Ci vuole qualche cosa di più organico.
«Più studio i nostri
imbarazzi — osserva il Wallace — e più mi convinco
che occorre ben più di un'azione di fortuna e di provvedimenti
occasionali di urgenza accavallati gli uni sugli altri. È
necessario andare sino in fondo, al più presto possibile,
costruire un «piano» adatto alla nostra produzione
nazionale e al genio del nostro popolo e tenersi stretti a questo
piano ad ogni costo qualunque cosa facciano e qualsiasi pressione
esercitino gli opportunisti.»
Tutto ciò è
estremamente impegnativo. In un altro punto del libro, il Wallace, ci
fa sapere che «i nuovi sistemi di controllo sociale ora
inaugurati sono destinati a rimanere ed a svilupparsi su una scala
mondiale e nazionale».
Tutti i vecchi teoremi del
liberalismo economico, che ebbe in America innumerevoli profeti e
trionfi che parevano senza eclissi o tramonti — tanto che
libertà economica e prosperità sembravano sinonimi —
vengono rigettati dal Wallace nella maniera più cruda. Adamo
Smith viene posto in questione. (Il libro di Smith La ricchezza delle
Nazioni è del 1776 e da allora molte cose sono avvenute nel
mondo. L'umanità non è rimasta inchiodata alla
situazione di fatto del 1776 e alle dottrine che ne scaturirono).
Quale «verità» fu più proclamata di quella
della «libera concorrenza» e della sua «utilità»
ai fini del progresso?
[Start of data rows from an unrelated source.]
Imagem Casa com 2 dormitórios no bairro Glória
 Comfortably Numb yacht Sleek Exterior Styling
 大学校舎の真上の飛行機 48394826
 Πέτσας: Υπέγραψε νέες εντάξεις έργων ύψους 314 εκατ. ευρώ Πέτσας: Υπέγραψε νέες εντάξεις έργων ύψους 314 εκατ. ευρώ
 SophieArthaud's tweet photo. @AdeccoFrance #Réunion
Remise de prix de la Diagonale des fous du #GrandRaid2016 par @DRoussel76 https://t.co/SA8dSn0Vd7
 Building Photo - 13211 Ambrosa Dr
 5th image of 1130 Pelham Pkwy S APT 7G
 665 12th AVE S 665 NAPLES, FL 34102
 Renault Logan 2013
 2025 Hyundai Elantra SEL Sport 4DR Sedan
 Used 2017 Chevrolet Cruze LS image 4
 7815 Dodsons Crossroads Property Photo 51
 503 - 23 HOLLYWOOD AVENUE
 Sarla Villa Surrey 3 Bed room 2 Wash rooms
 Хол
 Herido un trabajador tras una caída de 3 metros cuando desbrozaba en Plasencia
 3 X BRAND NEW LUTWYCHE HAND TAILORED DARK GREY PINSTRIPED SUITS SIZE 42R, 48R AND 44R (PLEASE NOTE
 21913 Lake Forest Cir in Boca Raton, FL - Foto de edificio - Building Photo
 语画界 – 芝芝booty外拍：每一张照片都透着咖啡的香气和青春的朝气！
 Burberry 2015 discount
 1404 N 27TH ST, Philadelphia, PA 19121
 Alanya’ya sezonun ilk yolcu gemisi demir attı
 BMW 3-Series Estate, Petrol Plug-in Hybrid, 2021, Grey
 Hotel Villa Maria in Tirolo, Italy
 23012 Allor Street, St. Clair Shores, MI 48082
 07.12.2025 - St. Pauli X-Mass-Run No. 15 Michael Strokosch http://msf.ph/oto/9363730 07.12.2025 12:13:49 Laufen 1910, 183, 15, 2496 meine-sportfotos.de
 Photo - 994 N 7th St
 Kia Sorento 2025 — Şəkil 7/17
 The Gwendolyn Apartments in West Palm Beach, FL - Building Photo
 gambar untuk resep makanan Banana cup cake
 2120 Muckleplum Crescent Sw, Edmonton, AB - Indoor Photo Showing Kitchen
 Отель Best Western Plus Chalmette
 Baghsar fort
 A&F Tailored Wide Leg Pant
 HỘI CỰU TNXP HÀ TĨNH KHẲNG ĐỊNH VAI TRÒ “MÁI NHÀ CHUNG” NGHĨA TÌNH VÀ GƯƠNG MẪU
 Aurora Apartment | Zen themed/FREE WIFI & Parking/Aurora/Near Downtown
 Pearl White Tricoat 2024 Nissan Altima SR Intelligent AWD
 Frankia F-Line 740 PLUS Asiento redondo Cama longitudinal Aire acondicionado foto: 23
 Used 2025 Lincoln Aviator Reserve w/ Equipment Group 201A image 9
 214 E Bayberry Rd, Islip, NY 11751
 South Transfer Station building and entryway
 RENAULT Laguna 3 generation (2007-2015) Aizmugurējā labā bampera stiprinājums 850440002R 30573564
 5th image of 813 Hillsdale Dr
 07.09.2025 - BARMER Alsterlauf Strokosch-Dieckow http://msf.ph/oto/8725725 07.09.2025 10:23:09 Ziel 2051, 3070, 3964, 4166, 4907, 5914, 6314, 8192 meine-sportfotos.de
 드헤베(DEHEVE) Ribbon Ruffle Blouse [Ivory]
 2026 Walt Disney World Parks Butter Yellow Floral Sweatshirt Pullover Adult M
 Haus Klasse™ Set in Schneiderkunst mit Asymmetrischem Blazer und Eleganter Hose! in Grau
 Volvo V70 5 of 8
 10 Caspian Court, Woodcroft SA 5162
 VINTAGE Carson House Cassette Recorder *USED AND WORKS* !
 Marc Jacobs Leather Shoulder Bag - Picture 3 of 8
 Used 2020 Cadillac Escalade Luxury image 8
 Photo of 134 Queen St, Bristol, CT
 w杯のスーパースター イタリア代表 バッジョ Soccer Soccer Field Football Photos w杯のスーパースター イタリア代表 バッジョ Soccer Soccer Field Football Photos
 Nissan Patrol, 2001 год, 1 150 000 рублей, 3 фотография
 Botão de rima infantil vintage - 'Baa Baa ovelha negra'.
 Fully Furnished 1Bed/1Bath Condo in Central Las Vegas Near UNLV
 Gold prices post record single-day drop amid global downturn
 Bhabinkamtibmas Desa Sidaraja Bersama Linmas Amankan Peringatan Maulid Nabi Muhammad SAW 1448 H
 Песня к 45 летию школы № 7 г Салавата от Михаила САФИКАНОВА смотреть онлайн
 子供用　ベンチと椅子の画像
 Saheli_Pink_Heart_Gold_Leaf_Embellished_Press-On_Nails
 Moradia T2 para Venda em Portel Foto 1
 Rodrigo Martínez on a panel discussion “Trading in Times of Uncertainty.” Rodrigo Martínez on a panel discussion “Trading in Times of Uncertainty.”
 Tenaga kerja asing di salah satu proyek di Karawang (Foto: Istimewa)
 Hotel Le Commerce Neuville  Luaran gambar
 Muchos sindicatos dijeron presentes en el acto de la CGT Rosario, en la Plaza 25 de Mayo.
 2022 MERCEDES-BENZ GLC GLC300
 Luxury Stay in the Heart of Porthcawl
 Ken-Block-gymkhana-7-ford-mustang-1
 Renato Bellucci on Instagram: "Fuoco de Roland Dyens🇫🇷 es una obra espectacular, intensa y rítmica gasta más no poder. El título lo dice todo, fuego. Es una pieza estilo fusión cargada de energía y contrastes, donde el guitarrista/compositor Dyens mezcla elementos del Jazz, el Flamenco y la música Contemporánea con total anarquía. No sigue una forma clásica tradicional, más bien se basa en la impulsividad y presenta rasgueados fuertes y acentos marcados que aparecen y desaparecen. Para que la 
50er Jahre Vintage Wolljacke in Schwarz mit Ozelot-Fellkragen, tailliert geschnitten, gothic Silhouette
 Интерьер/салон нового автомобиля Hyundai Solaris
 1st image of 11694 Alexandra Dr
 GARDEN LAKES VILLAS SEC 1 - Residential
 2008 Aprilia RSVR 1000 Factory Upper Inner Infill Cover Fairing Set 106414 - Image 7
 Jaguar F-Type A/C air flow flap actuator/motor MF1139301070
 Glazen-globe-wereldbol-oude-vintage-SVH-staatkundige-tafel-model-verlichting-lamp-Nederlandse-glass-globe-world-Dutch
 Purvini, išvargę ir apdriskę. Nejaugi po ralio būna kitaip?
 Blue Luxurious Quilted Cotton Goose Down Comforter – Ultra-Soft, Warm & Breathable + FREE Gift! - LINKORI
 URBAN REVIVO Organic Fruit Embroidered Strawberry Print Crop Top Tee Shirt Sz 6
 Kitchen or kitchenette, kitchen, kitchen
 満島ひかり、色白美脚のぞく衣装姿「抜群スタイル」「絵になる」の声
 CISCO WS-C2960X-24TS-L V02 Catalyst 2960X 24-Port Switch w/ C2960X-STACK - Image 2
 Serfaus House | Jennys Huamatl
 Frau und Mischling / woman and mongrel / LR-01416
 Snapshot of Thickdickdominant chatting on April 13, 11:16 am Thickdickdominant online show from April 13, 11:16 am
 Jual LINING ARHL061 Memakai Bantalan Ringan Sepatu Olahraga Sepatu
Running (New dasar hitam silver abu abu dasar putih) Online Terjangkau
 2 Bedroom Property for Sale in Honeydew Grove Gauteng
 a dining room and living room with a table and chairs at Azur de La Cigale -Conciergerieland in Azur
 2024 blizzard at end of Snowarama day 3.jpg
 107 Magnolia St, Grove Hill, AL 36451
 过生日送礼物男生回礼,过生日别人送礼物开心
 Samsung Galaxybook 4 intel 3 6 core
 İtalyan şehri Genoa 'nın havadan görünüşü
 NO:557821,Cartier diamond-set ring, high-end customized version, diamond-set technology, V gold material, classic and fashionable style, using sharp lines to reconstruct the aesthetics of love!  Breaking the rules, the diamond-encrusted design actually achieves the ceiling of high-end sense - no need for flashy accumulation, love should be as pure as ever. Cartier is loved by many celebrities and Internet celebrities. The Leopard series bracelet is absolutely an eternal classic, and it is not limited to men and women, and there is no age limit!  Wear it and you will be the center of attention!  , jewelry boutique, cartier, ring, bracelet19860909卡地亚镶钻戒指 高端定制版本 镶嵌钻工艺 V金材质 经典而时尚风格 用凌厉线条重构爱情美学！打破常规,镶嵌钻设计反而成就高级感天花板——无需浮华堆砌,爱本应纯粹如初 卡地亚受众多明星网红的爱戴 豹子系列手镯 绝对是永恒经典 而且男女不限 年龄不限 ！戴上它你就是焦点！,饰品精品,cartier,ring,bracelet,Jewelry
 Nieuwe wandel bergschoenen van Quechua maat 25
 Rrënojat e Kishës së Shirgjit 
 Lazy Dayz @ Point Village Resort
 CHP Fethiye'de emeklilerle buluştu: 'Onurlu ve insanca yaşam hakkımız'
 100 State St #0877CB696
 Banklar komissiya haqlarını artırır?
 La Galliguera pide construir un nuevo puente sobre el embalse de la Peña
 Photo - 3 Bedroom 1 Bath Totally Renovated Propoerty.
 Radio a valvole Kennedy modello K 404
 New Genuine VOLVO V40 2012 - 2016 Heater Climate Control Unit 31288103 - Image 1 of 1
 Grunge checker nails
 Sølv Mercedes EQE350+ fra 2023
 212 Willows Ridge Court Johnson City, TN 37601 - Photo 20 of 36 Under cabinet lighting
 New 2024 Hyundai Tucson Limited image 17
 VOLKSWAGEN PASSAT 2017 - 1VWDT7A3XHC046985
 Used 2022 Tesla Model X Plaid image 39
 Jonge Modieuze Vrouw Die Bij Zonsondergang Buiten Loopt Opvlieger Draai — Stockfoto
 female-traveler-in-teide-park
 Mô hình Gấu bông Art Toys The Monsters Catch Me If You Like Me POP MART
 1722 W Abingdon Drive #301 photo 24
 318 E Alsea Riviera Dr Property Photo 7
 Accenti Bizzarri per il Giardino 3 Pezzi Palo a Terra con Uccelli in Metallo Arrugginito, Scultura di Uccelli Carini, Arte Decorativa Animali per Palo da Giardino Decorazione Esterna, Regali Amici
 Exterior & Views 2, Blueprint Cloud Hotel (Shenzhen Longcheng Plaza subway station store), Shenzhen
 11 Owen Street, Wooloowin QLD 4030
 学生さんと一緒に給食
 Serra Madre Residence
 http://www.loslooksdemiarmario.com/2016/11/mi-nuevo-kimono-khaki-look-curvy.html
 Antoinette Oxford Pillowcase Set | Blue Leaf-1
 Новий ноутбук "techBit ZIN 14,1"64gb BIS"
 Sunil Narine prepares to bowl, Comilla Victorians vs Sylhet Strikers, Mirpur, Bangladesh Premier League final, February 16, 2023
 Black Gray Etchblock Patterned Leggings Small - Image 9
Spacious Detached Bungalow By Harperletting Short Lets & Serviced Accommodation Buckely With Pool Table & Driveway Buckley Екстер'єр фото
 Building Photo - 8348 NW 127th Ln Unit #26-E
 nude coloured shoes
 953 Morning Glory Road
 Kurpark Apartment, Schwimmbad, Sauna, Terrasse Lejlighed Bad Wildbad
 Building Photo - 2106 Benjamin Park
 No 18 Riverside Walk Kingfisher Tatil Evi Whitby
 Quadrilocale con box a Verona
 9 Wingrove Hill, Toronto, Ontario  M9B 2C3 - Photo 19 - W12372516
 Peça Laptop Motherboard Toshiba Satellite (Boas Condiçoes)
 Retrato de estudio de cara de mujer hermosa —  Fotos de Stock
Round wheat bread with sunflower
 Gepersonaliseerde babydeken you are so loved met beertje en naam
Ma il Wallace non ci crede più e così
ne ragiona:
«Adamo Smith reputava che il
commercio lasciato a sé (laissez-faire) si equilibrerebbe e
regolerebbe spontaneamente in modo da raggiungere il bene generale.
Un'amara esperienza ha ora insegnato che il laissez-faire non
possiede alcuna virtù magica. La concorrenza assolutamente
libera, sia che abbia luogo entro un Paese o nell'intero mondo,
produce una insopportabile eccessiva concentrazione di beni e di
potenze. Quando la pressione diventa troppo forte scoppia una guerra
o una rivoluzione interna e dobbiamo ricominciare da bel principio lo
stesso arido ciclo. Tale era l'antico sistema. Esso era il prodotto
di un'avidità e di un opportunismo sfrenati. Noi, spero,
l'abbiamo fatta finita con esso. Siamo stati costretti per forza a
pensare in termini non di produzione e di commercio liberi, ma di
produzione e di commercio programmati dentro e fra le Nazioni.»